• Available records:
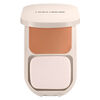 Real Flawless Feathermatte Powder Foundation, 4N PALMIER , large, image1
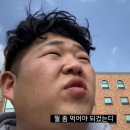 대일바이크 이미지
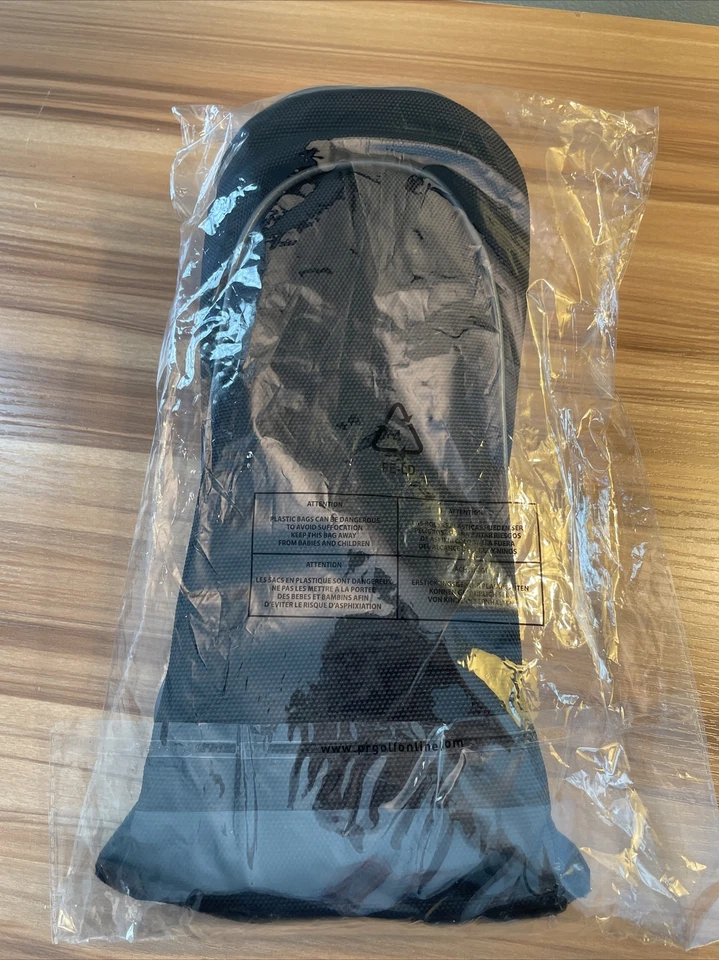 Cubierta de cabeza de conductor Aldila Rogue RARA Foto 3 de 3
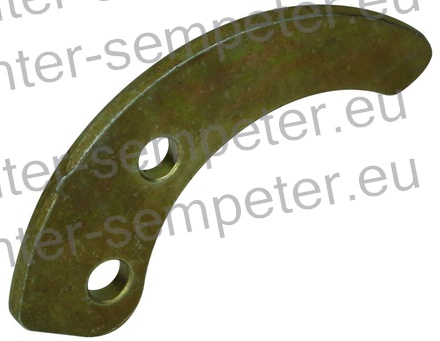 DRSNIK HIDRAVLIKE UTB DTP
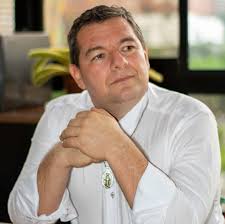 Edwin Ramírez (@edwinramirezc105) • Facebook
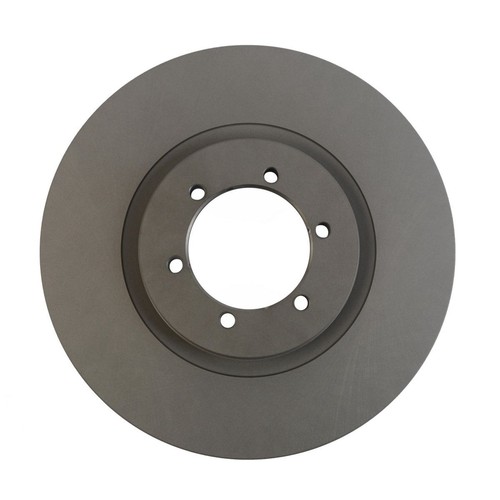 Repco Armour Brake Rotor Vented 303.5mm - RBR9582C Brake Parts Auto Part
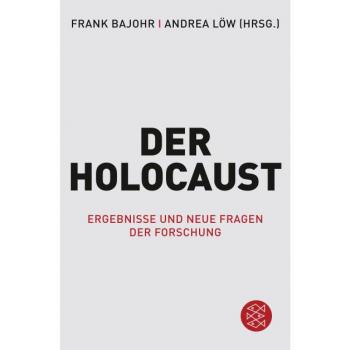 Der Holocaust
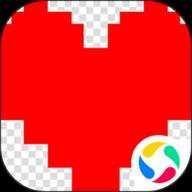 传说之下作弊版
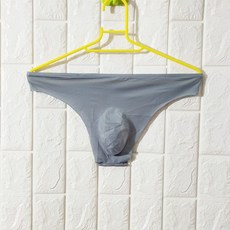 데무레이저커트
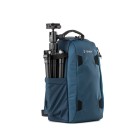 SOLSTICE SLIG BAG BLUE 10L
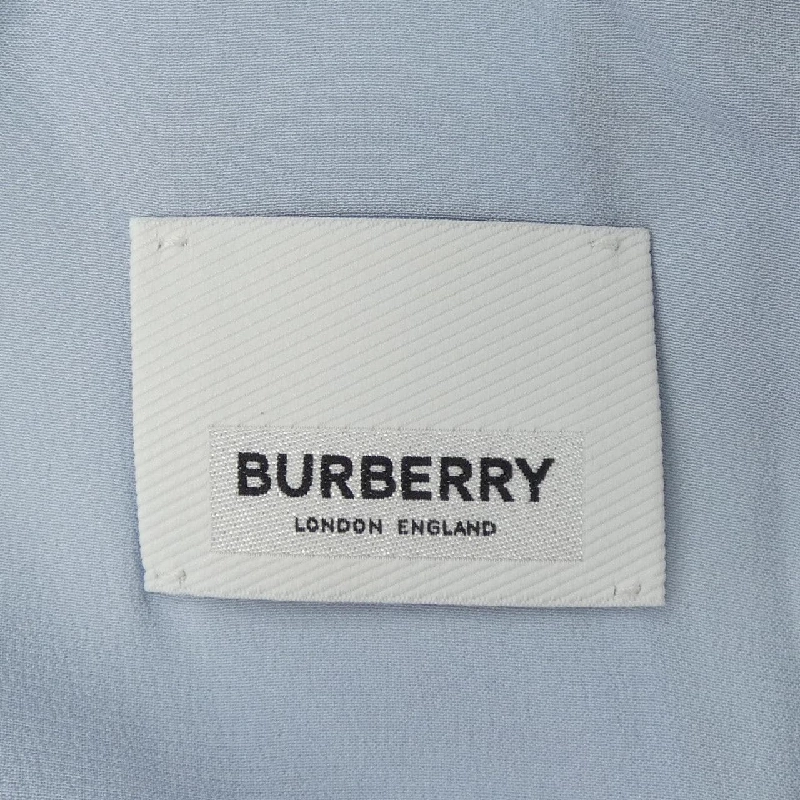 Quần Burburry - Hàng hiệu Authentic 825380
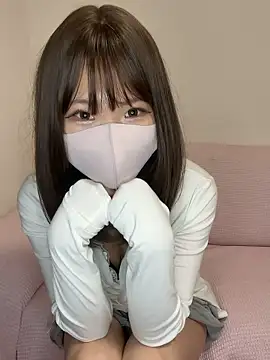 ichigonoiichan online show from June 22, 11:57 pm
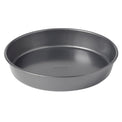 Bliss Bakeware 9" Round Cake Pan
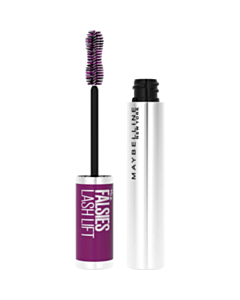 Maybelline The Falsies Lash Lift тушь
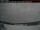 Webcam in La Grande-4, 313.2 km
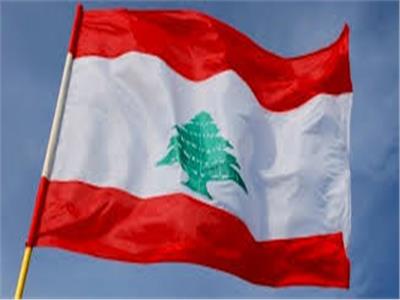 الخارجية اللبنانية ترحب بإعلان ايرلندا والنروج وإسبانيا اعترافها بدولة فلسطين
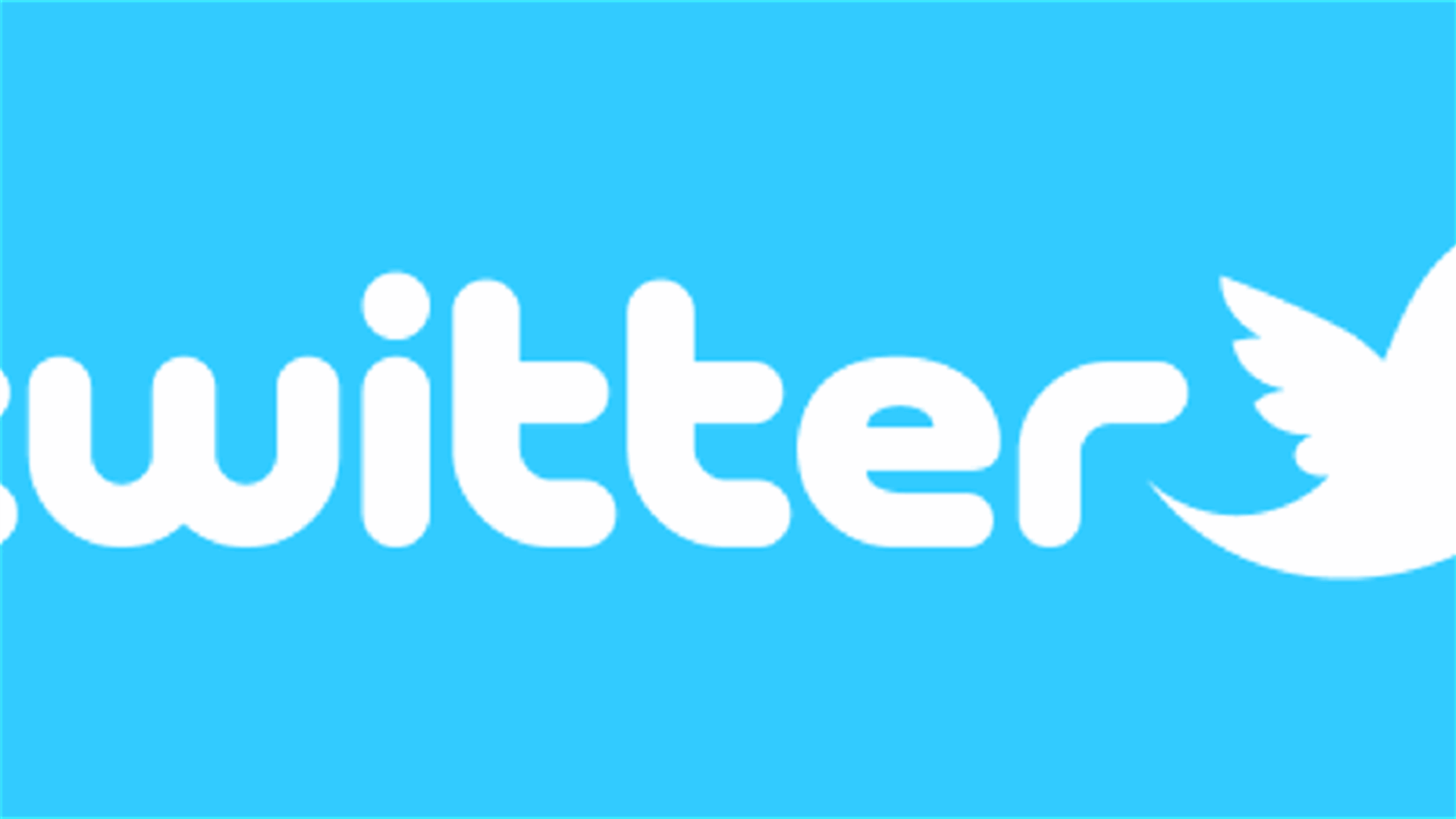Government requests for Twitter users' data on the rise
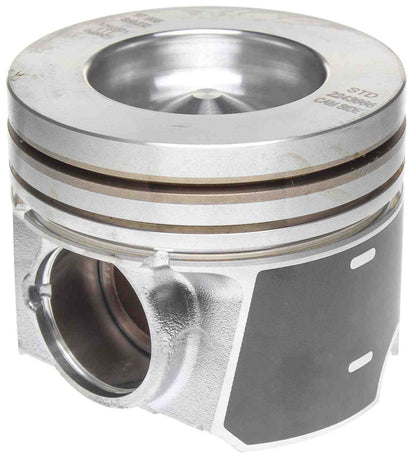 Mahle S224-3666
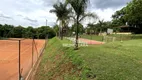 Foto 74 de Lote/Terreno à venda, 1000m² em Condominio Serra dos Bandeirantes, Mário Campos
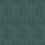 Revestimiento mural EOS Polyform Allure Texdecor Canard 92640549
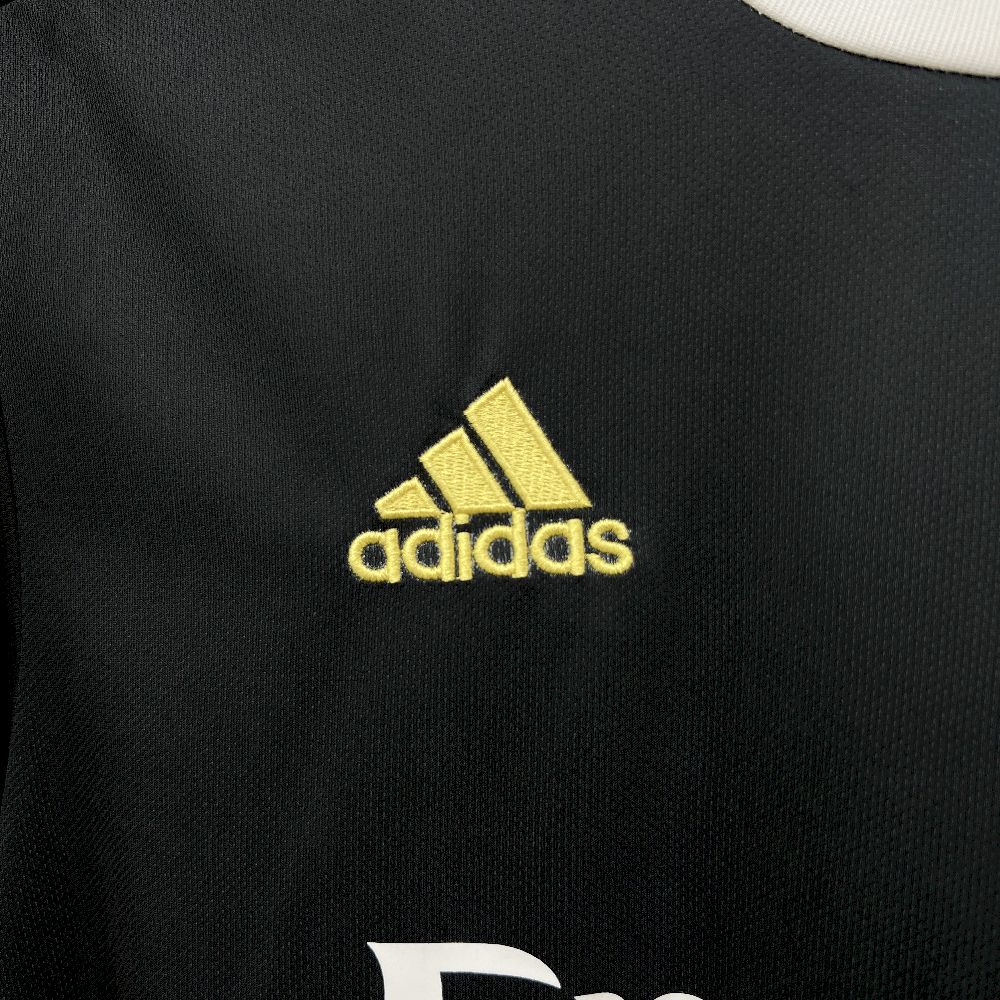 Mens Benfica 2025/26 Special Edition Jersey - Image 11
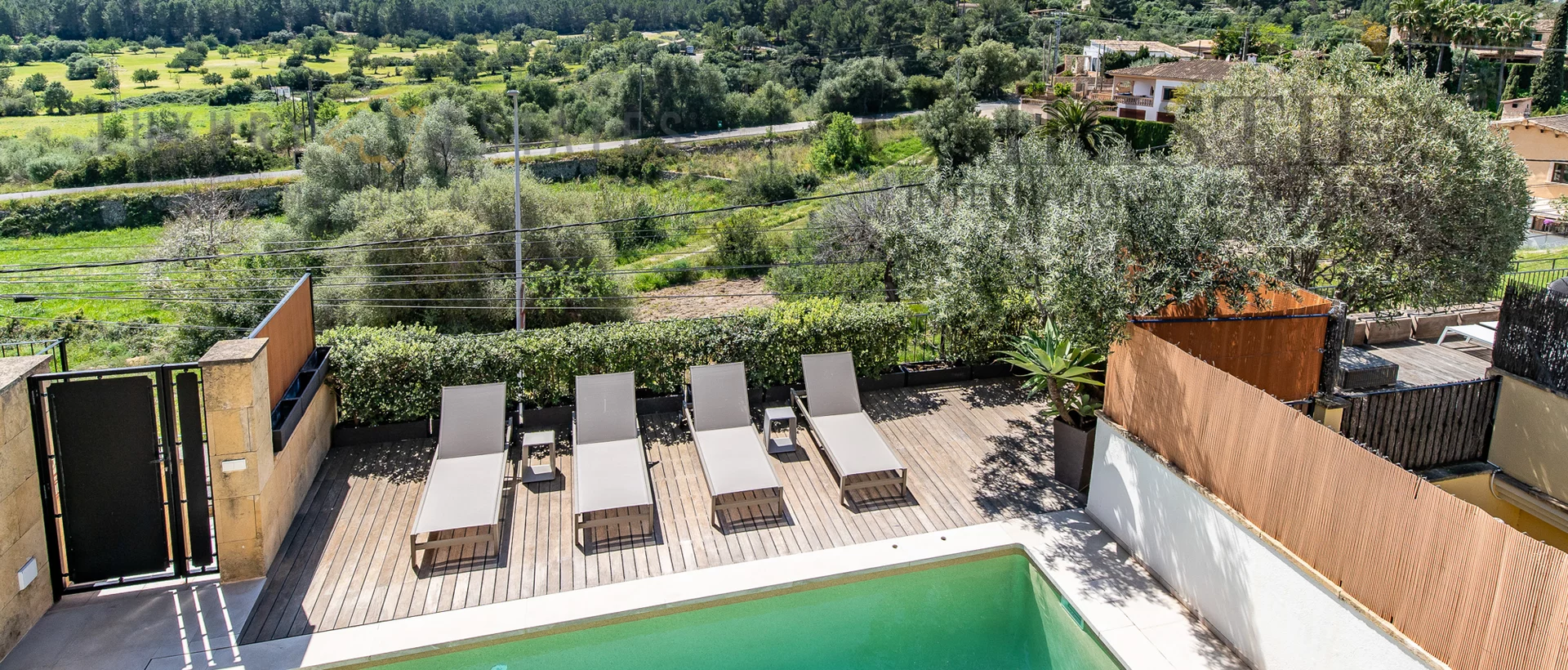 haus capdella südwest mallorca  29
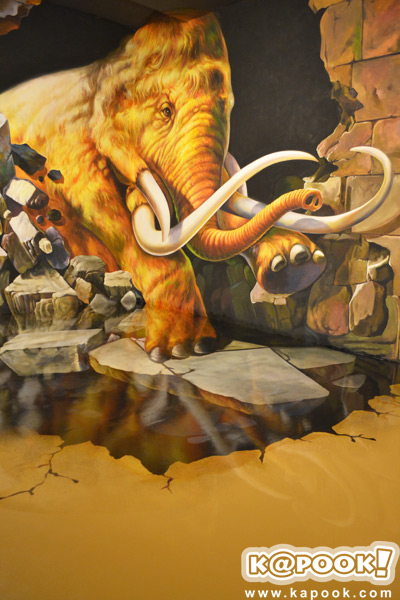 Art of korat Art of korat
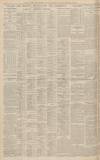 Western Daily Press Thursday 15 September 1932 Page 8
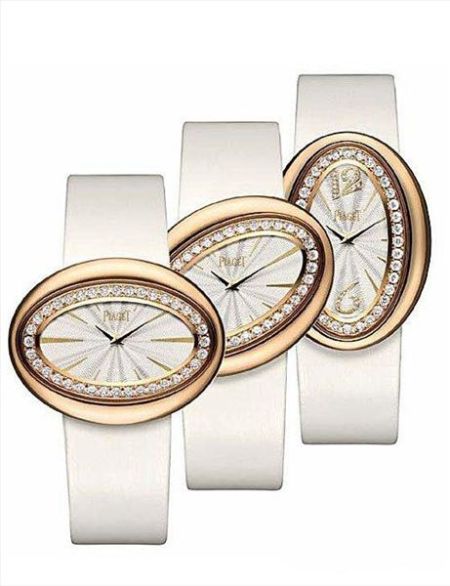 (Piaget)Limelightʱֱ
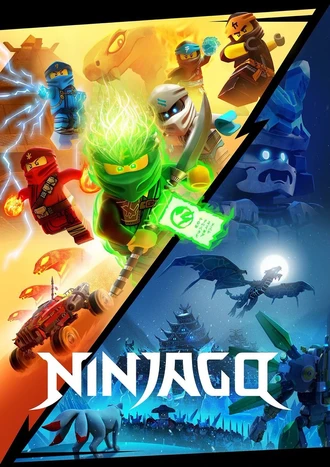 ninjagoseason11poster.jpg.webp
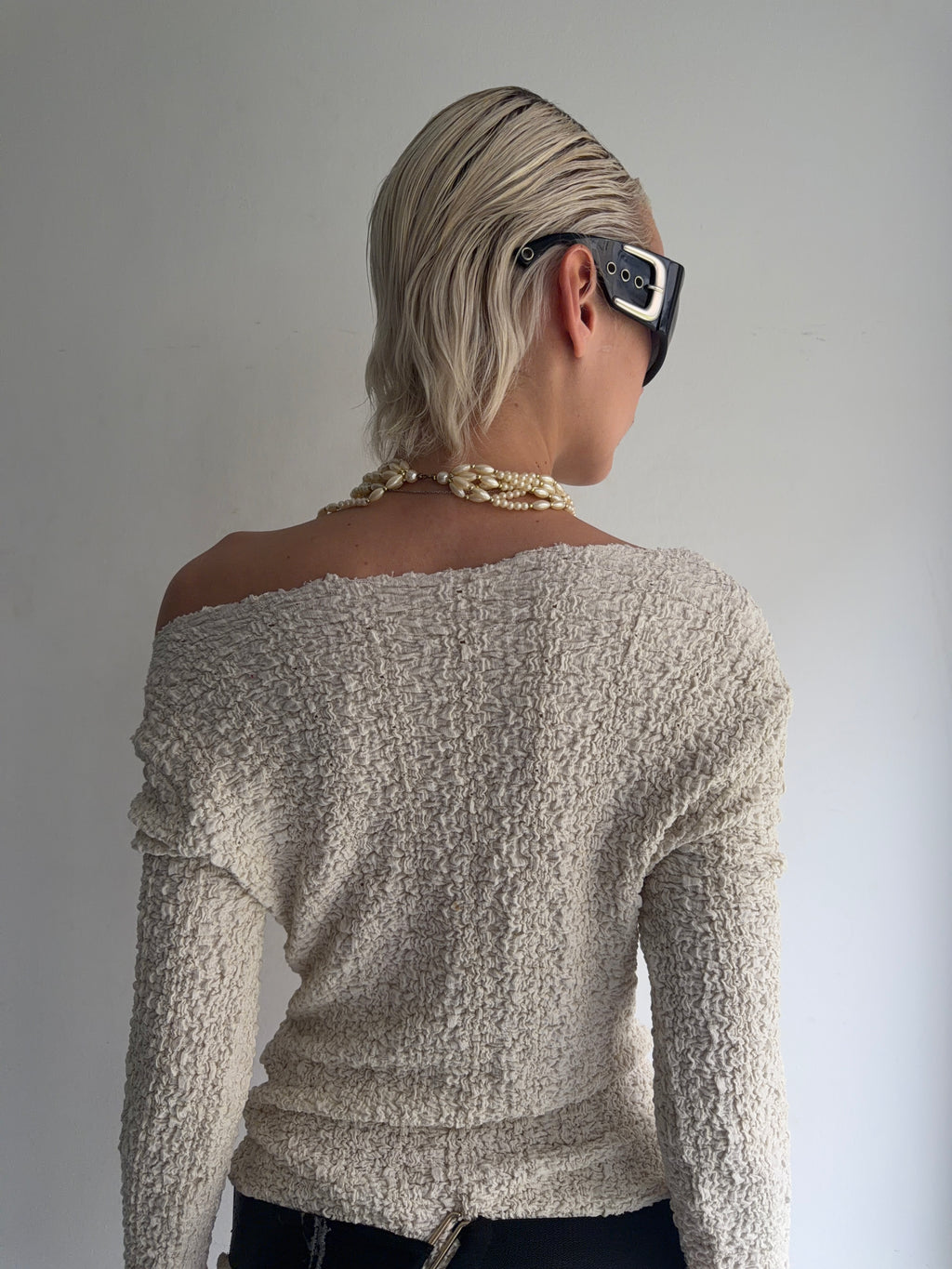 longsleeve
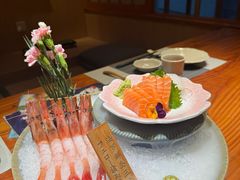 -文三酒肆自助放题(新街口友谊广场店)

• Work task:
Everything from the line holding "Quần Burburry - Hàng hiệu Authentic 825380" to the close of the records should be written out exactly, both ends included, with pictures omitted.

• Reply:
 Quần Burburry - Hàng hiệu Authentic 825380
 ichigonoiichan online show from June 22, 11:57 pm
 Bliss Bakeware 9" Round Cake Pan
 Maybelline The Falsies Lash Lift тушь
 Webcam in La Grande-4, 313.2 km
 الخارجية اللبنانية ترحب بإعلان ايرلندا والنروج وإسبانيا اعترافها بدولة فلسطين
Government requests for Twitter users' data on the rise
 Mahle S224-3666
 Foto 74 de Lote/Terreno à venda, 1000m² em Condominio Serra dos Bandeirantes, Mário Campos
 Revestimiento mural EOS Polyform Allure Texdecor Canard 92640549
 Mens Benfica 2025/26 Special Edition Jersey - Image 11
 haus capdella südwest mallorca  29
 Art of korat Art of korat
 Western Daily Press Thursday 15 September 1932 Page 8
 (Piaget)Limelightʱֱ
 ninjagoseason11poster.jpg.webp
 longsleeve
 -文三酒肆自助放题(新街口友谊广场店)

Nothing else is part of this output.